Monday, October 3, 2011

The Devil Commands (1941)



Director: Edward Dmytryk

Starring: Boris Karloff, Richard Fiske, Amanda Duff, Ann Revere, Cy Schindell, Dorothy Adams, Walter Baldwin

More info: IMDb

Tagline: This mad wizard kills at will in Satan's service!

Plot: Dr. Julian Blair is engaged in unconventional research on human brain waves when his wife is tragically killed in a freak auto accident. The grief-stricken scientist becomes obsessed with redirecting his work into making contact with the dead and is not deterred by dire warnings from his daughter, his research assistant, or his colleagues that he is delving into forbidden areas of knowledge. He moves his laboratory to an isolated New England mansion where he continues to try to reach out to his dead wife. He is aided by his mentally-challenged servant Karl and abetted by the obsessive Mrs. Walters, a phony medium, who seems to exert a sinister influence over him. When their overly curious housekeeper discovers the truth about their experiments, her death brings the local sheriff in to investigate.



My rating: 5.5/10

Will I watch it again? Nope.

Here's another one of those hour-long horror programmer B-pictures that doesn't fulfill. Karloff is fun until he meets Mrs. Walters (Revere), a so-called psychic. After that he's mush since she basically controls him as if by a spell. Their first scene together is great, though, as he attends one of her seances. After it's over Karloff explains to his friend, Karl, that it's all a hoax and proceeds to show him the evidence. THAT was cool. He was a straight forward, skeptic badass until he suddenly speculates that she may have the 'gift' after all. Whatever. That's when it lost me but it's also when the movie started to go south. That is, until the end...
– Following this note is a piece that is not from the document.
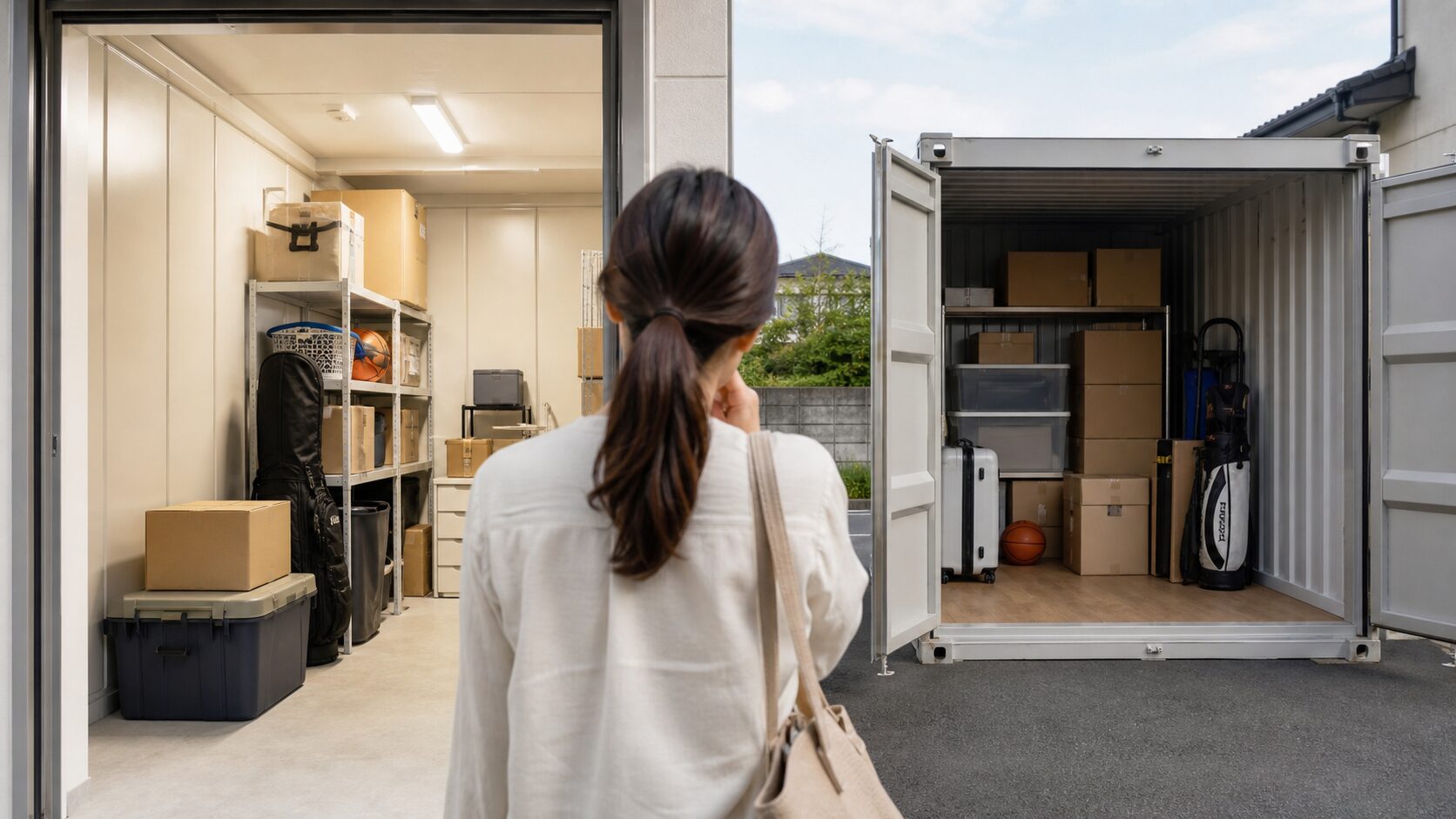 屋内型と屋外型の収納スペースを比べるイメージ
The last ten minutes has the shit hitting the fan as Karloff races against time to finally test his experiment using his own daughter before the coppers show up. That was fun but getting to it was a chore. Except for the cool imagery that looks like something right out of a great matinee serial, everything else was sort of ho-hum. I'll never pass up a chance to see a Karloff movie I haven't seen but this is one that I won't need to see again.